Recommendation: Basic I/O class types
Version: 1.0
This text contains a recommendation about how to use certain class
types to make libraries for the language Objective Caml more
interoperable. The recommendation is the result of a discussion
between Nicolas Cannasse (extlib), Gerd Stolpmann (ocamlnet), and
Yamagata Yoriyuki (camomile). The mentioned libraries will be/are
changed such that they support the recommendation.
The nature of the class system allows us to use objects of a class X
as instances of another class Y when the type of X is a subtype of
Y. It is not required that X and Y have an inheritance relation.
Moreover, X and Y can even be defined in different, separately
compiled libraries that do not know of each other. The latter
observation is the basis for this recommendation, as it becomes
possible to define interoperable class types by
convention. Especially, it is not necessary to have one formal
definition in the Objective Caml system to which the using libraries
refer. The formal definition is absent, and informally replaced by
this convention.
From an abstract point of view, we are going to establish a minimum
class type T that contains the I/O methods the authors regard as
relevant for this recommendation. A library will usually have
additional methods in a class type TL. Formally, this is
reflected by the requirement that TL is a subtype of T. The
language allows it then to coerce instances of TL to T.
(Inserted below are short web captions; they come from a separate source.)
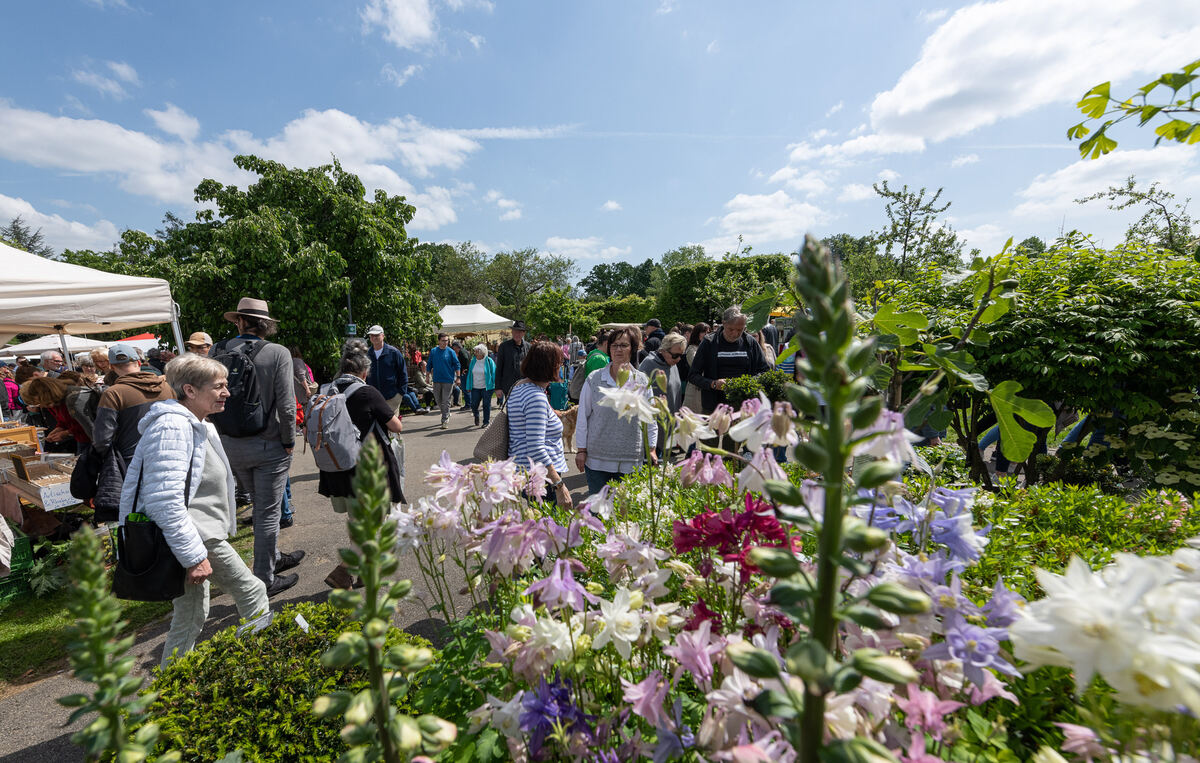 GardenLife_18_05_2023_Schanz_038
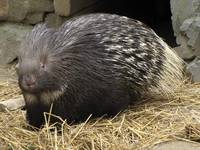 Porcupine! (Category:  Rock Climbing)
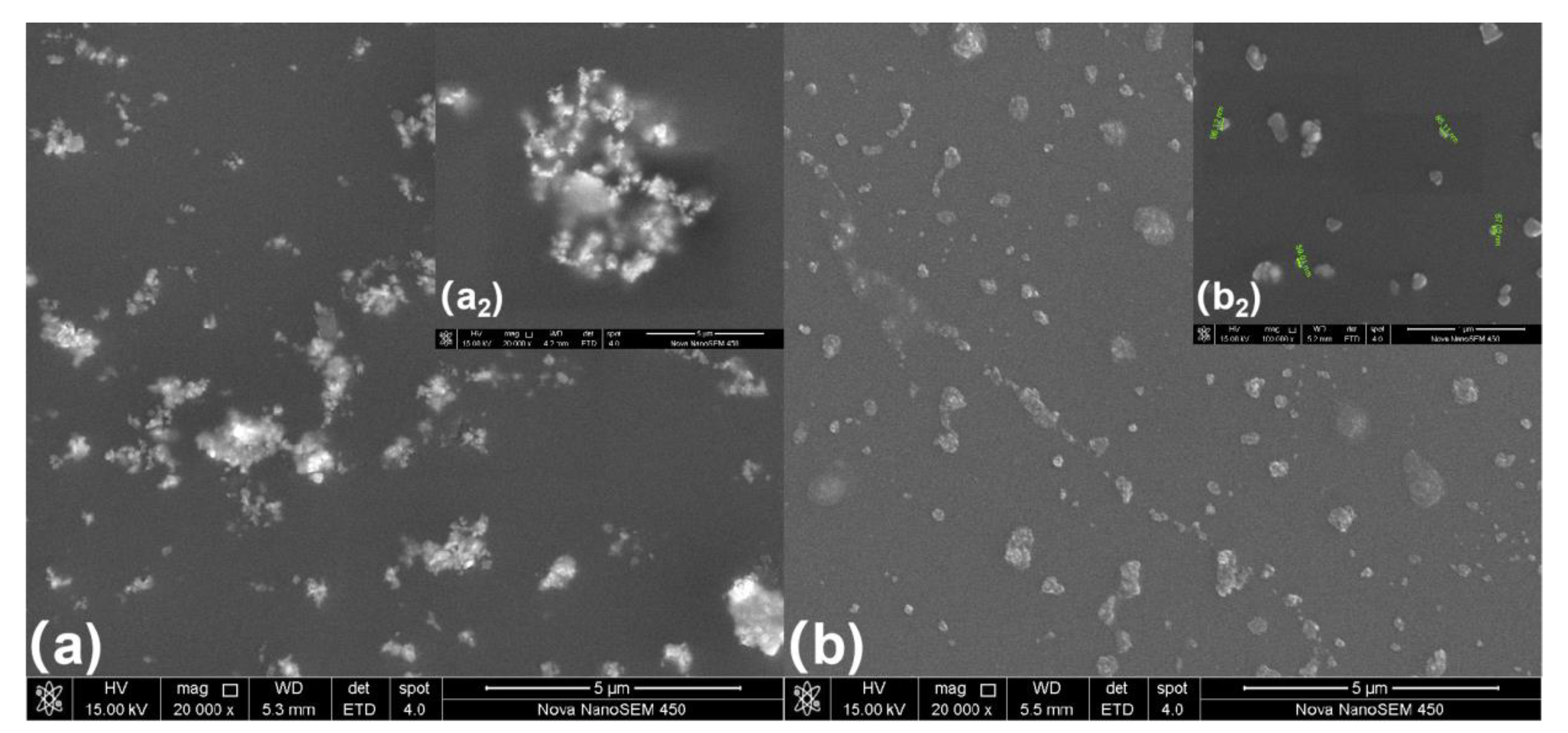 Nanomaterials 12 03920 g006 Nanomaterials 12 03920 g006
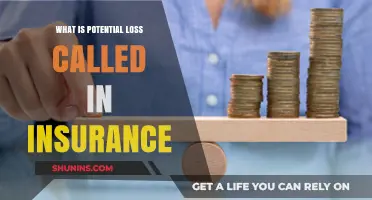 Understanding Potential Loss in Insurance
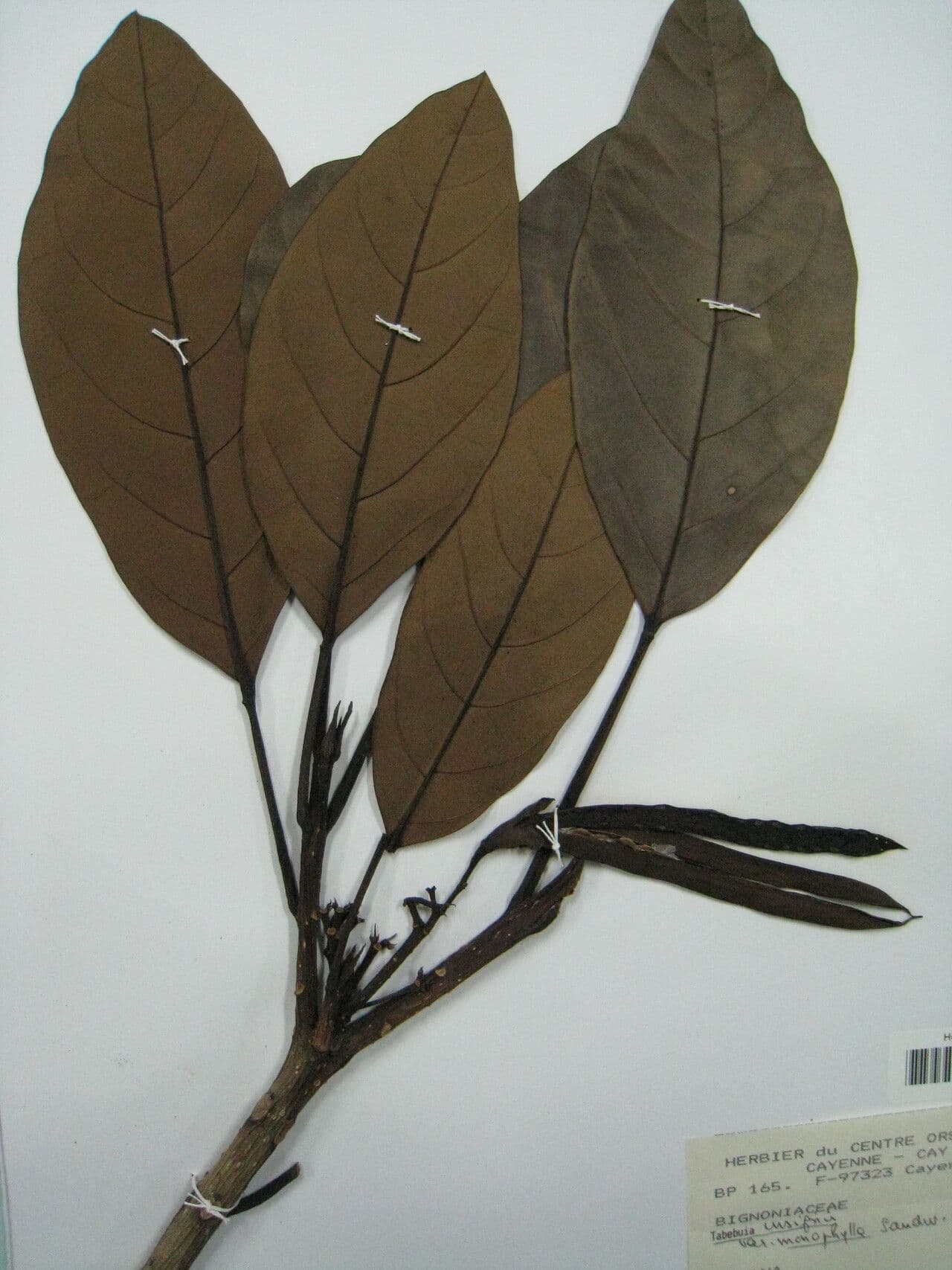 Tabebuia 4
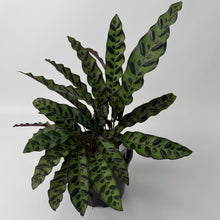 Load image into Gallery viewer, Rattlesnake plant (Goeppertia insignia) in Black Ceramic Pot
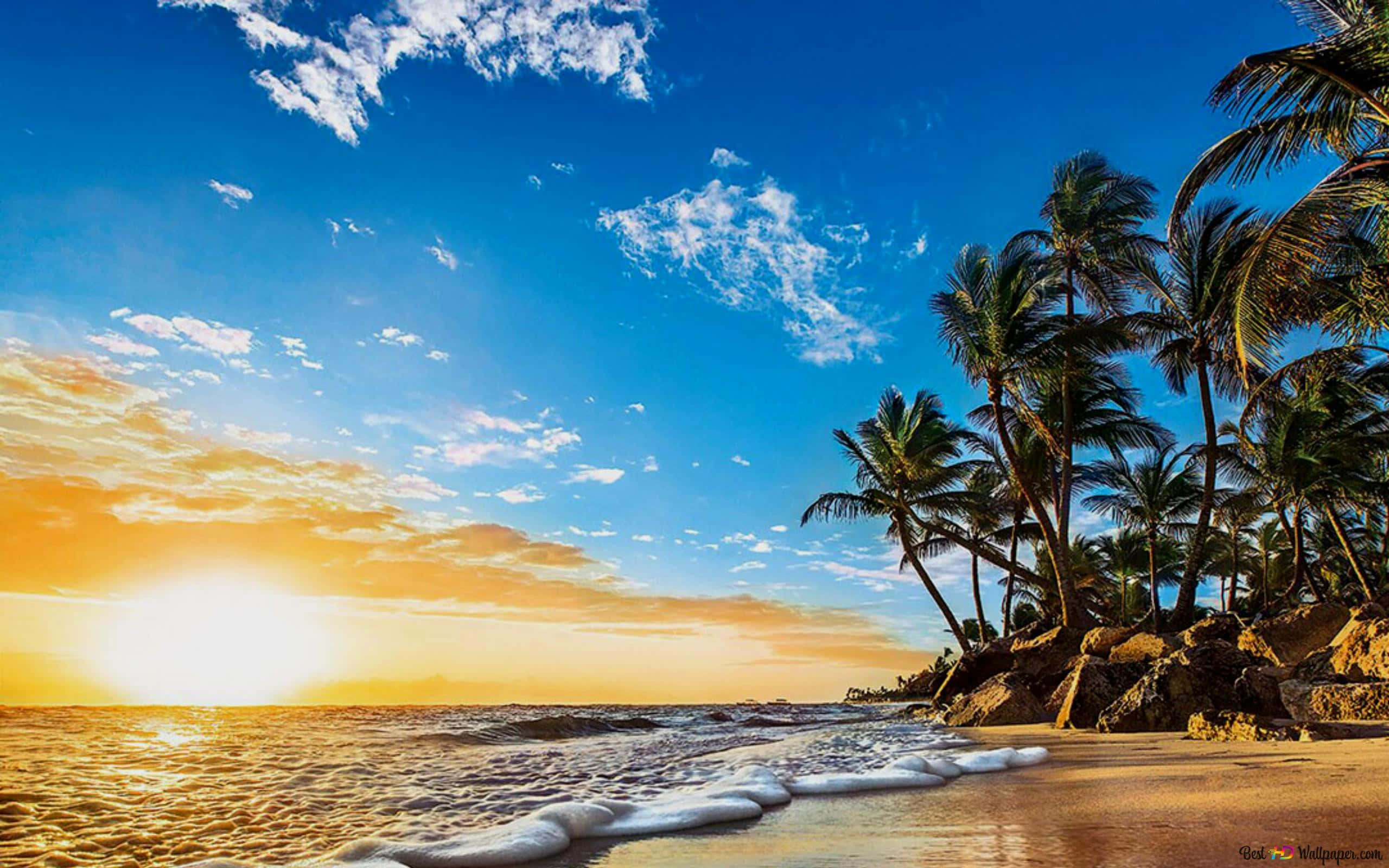 Golden sunset, tropical beach, palm trees, 2K Desktop Wallpaper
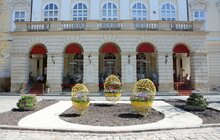 Фото 6: У районах Львова продовжують висаджувати квіткові композиції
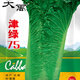 大禹青麻葉大白菜種子大全農(nóng)科院黃心天津綠青口早熟紹菜籽冬儲秋季 津綠75青麻葉白菜種子15gx2袋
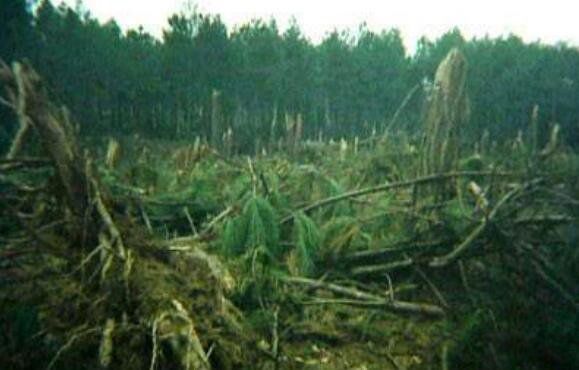 1994����ݿ��йֳ��¼������� ��ʲô������ôǿ��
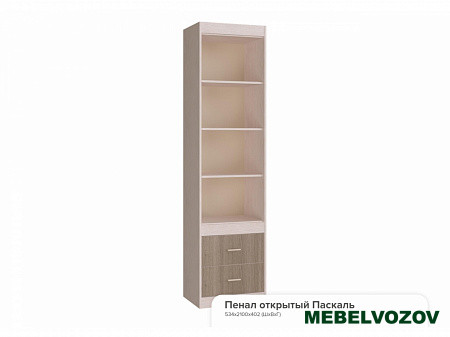 Детский пенал "Паскаль" открытый  детальное изображение от магазина mebelvozov.ru в Нижнем Новгороде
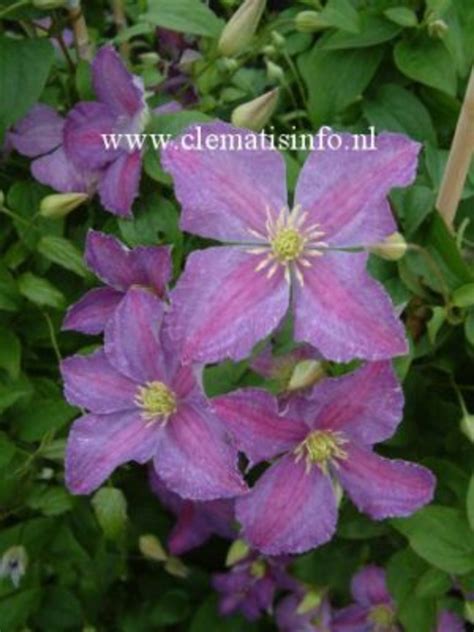 Clematis 'JOLLY GOOD' | Clematis 'JOLLY GOOD' online kaufen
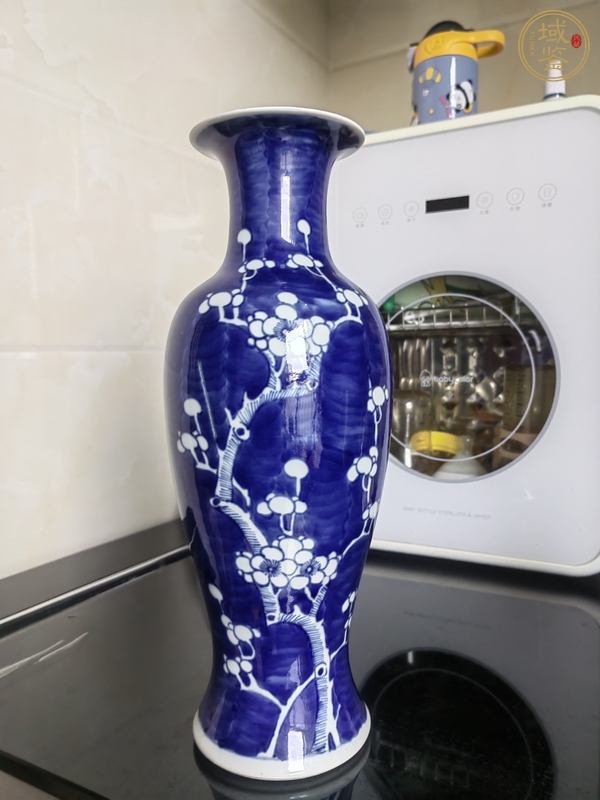 古玩陶瓷冰梅紋瓶真品鑒賞圖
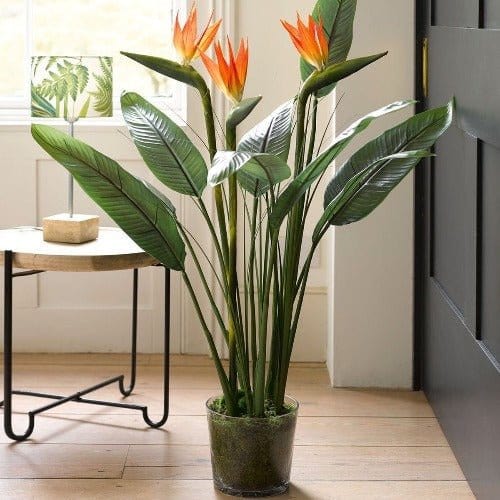Bird of Paradise plant (Per piece)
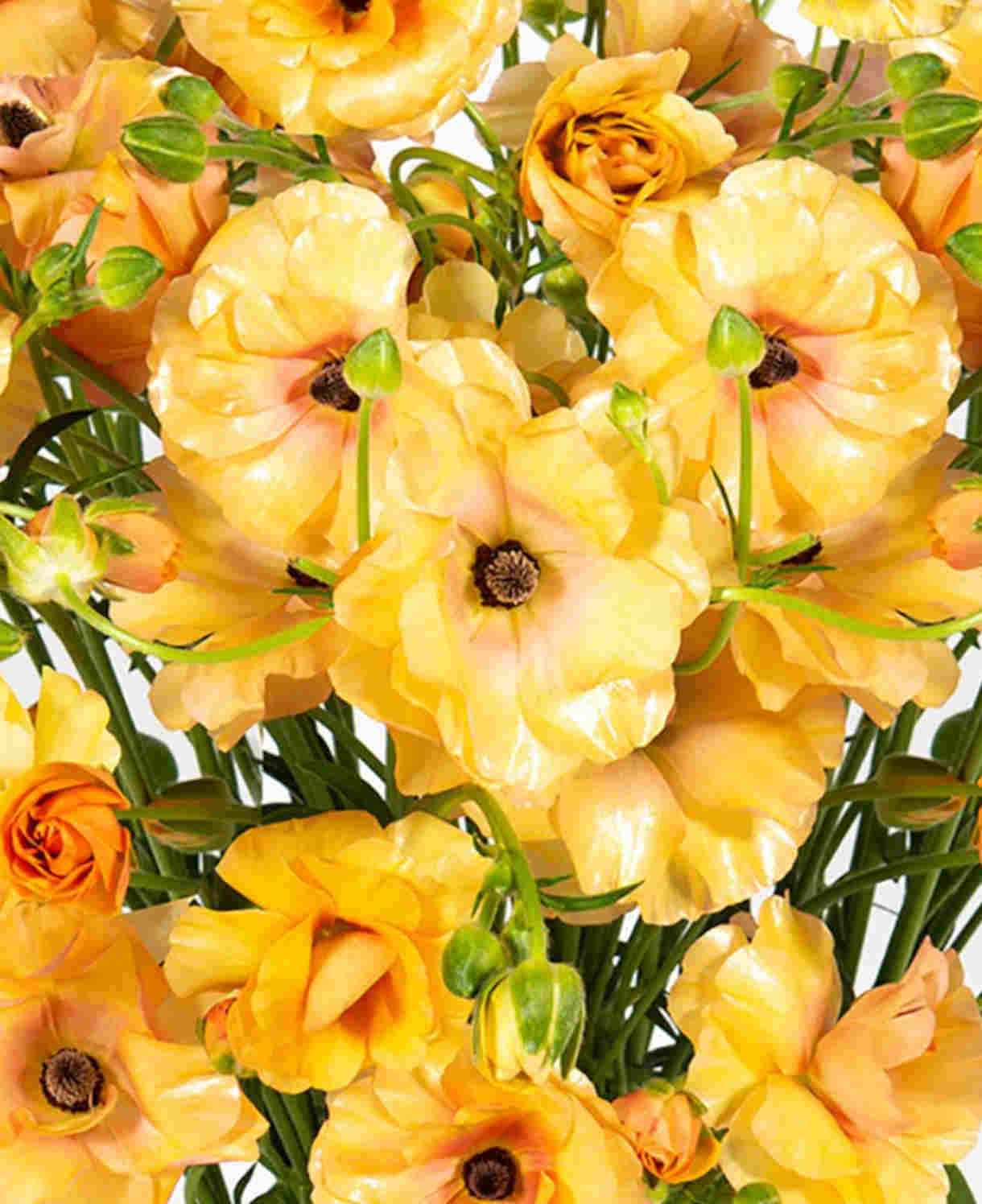 Growers Favourite Ranunculus Butterfly Mix | Set-of-6 | Multi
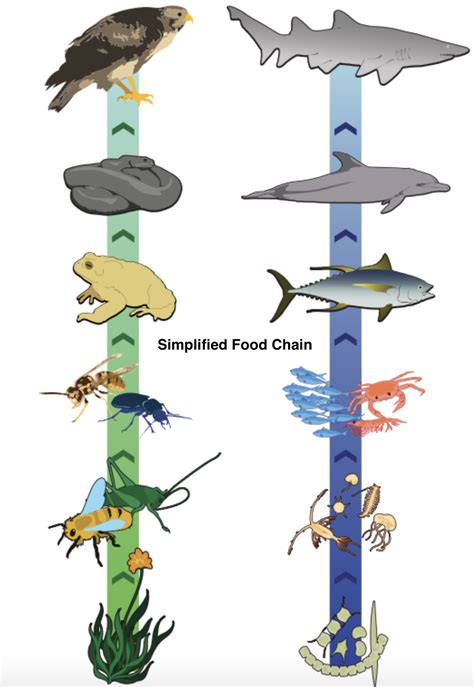 Ecosystem Flow Chart 的图像结果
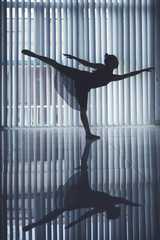 Ballet dancer performing dances near the window © Creativa Images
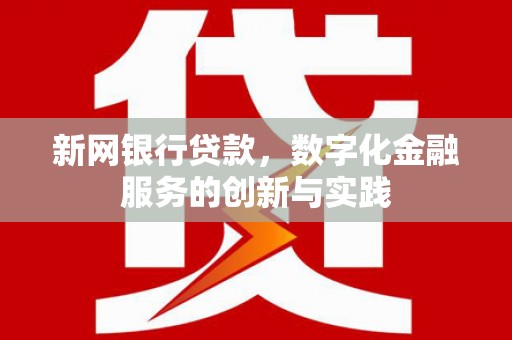 福州新网银行贷款，数字化金融服务的创新与实践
Assumed we have two libraries L and L' defining I/O class types
TL, and TL', respectively, it is now possible to
use instances x of type TL in the context of L' by
For example, this allows us to XXX (fill in: use an ocamlnet channel
in the context of camomile - when the libraries are changed).
I/O of octets
Octet streams are the first kind of I/O classes defined by this
recommendation. They play a special role as all I/O must finally be
transformed into operations of octets, because the current operating
systems require this.
Formal type definition. The following class types are
recommended. The names of the class types are not normative, but the
names of the methods and their types are.
class type rec_octet_in_channel =
object
method input : string -> int -> int -> int
method close_in : unit -> unit
end
class type rec_octet_out_channel =
object
method output : string -> int -> int -> int
method flush : unit -> unit
method close_out : unit -> unit
end
Meaning. Both input and output channels have two states:
open and closed. It is outside the scope of this
recommendation how a channel is opened. When it is open, however, the
defined methods can be called, and have a defined meaning. When a
channel is closed, it is usually regarded as an error to invoke the
methods. It is not defined what happens in this case, but it is
suggested to raise a Failure or library-specific exception. The
implementation may even opt to silently ignore such calls.
There are two kinds of semantics: blocking I/O and non-blocking
I/O. An implementation must define which semantics it selects, or
the conditions under which a certain semantic model is effective.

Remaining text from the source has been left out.